◆ **Directions for this task**
Going through the data below, find how many lines include the word "Black", and reply with that number alone.

----

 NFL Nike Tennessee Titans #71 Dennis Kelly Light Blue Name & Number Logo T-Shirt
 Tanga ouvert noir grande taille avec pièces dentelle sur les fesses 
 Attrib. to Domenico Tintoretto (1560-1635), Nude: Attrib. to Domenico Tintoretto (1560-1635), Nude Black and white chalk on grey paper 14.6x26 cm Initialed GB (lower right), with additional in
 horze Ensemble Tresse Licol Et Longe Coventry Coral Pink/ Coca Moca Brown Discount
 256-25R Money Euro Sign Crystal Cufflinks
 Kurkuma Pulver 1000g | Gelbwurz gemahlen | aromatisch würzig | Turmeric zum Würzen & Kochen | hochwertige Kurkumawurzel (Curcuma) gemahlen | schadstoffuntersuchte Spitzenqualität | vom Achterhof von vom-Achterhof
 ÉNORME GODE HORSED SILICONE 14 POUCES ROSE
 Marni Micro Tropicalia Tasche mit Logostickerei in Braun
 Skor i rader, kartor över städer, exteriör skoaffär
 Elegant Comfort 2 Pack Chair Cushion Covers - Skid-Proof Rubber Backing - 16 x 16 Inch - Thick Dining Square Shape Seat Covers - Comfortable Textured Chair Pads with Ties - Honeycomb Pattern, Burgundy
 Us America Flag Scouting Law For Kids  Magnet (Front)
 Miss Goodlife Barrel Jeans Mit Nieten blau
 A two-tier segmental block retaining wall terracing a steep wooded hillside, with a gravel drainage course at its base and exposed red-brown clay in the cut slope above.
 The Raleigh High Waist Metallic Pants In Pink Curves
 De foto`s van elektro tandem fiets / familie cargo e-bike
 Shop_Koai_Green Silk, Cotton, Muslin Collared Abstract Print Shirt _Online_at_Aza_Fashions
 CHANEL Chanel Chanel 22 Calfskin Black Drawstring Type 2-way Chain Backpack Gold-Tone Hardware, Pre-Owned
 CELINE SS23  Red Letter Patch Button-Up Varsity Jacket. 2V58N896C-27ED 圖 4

----

◆ **Exercise solution**
2